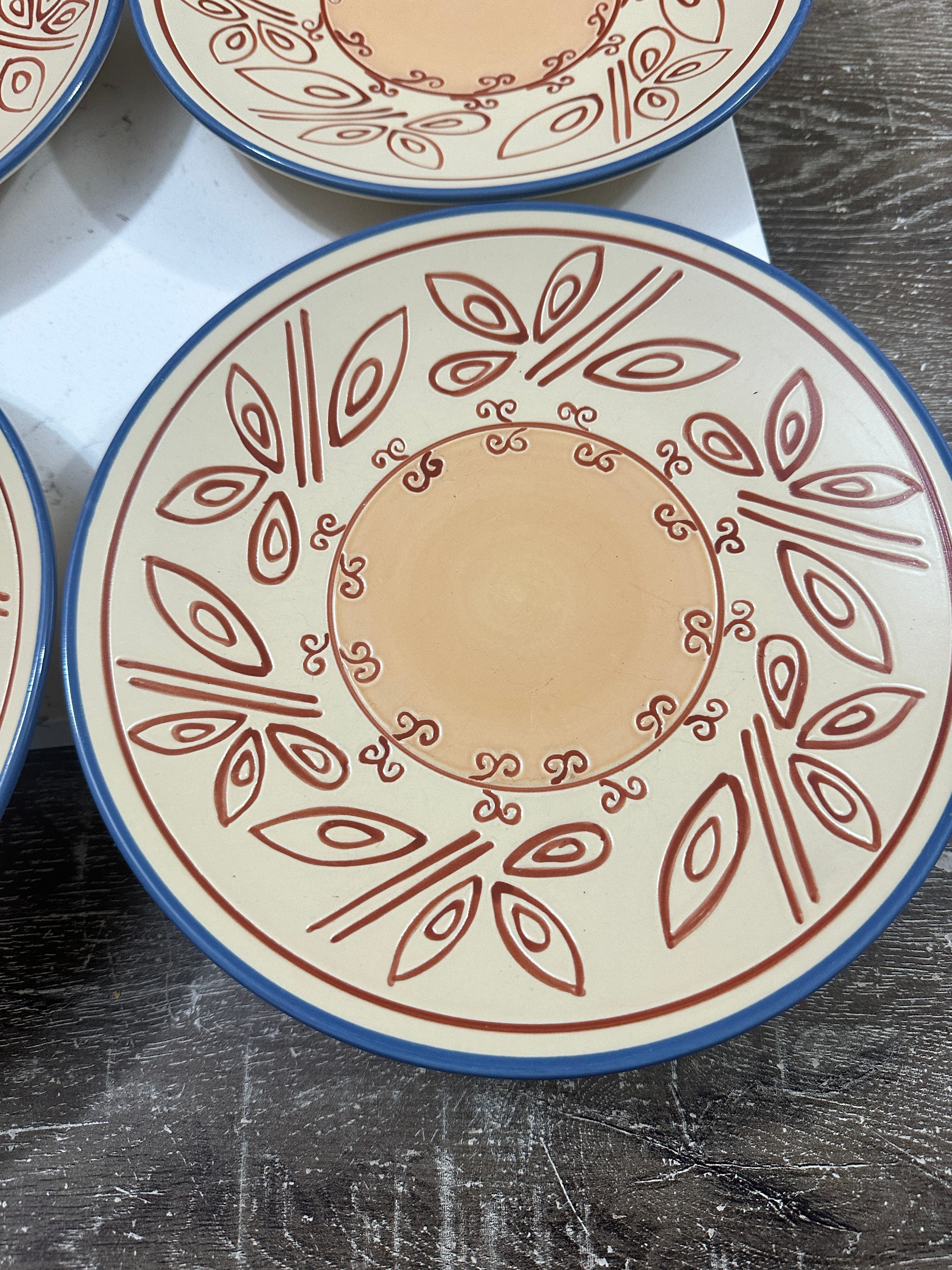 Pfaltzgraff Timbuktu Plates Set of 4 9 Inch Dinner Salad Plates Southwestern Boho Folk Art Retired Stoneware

...

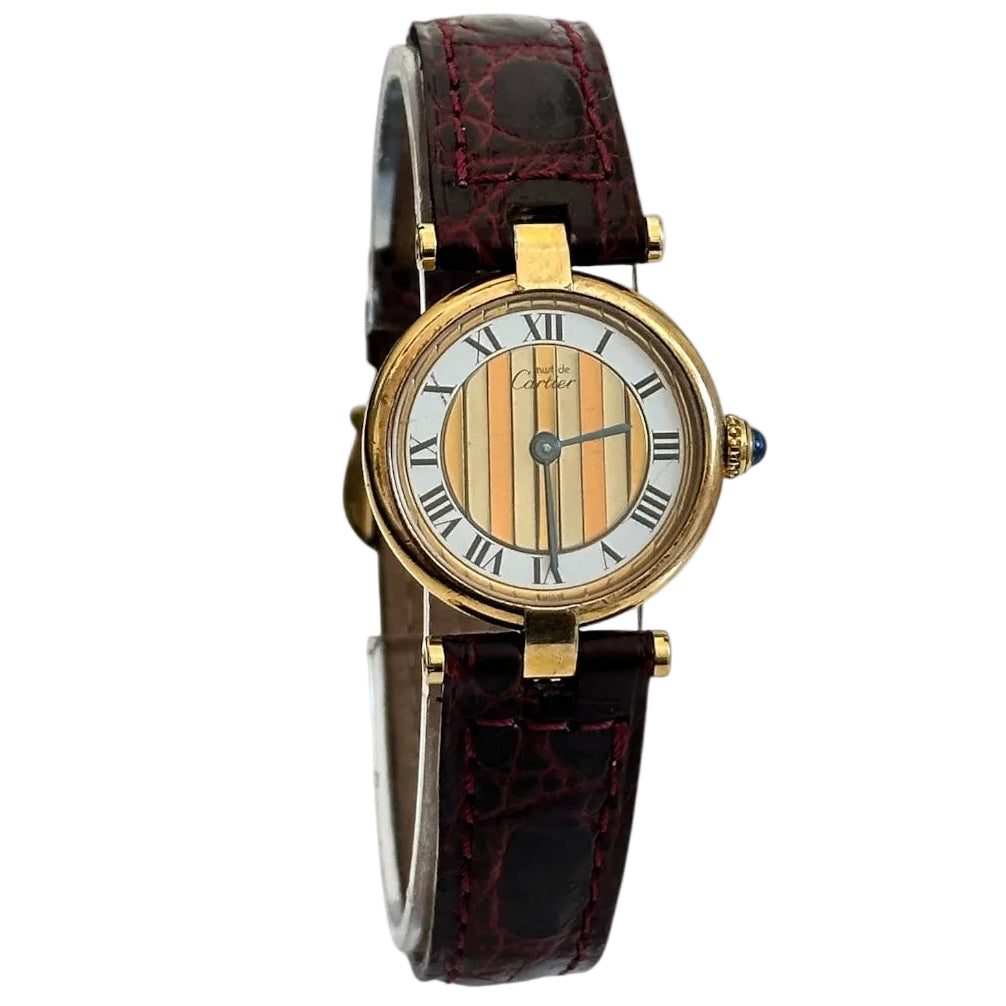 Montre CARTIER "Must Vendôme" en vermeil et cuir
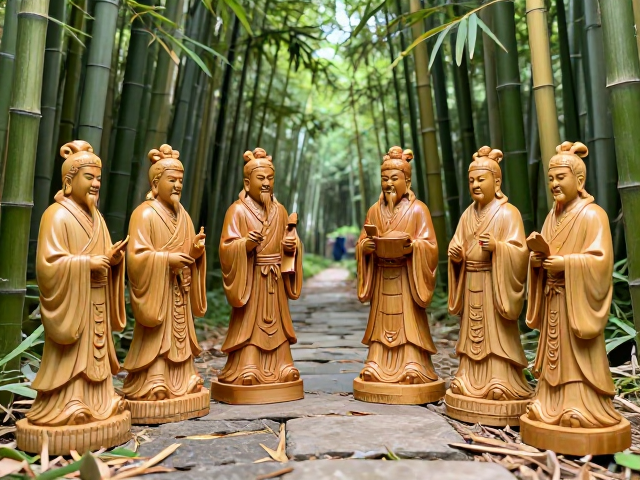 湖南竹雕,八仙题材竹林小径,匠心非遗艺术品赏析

(Directions for this task) What is wanted is an exact copy of the lines above from the one containing "vermeil et cuir" through the one containing "湖南竹雕,八仙题材竹林小径,匠心非遗艺术品赏析", with no pictures in it.

(Result)
 Montre CARTIER "Must Vendôme" en vermeil et cuir
 湖南竹雕,八仙题材竹林小径,匠心非遗艺术品赏析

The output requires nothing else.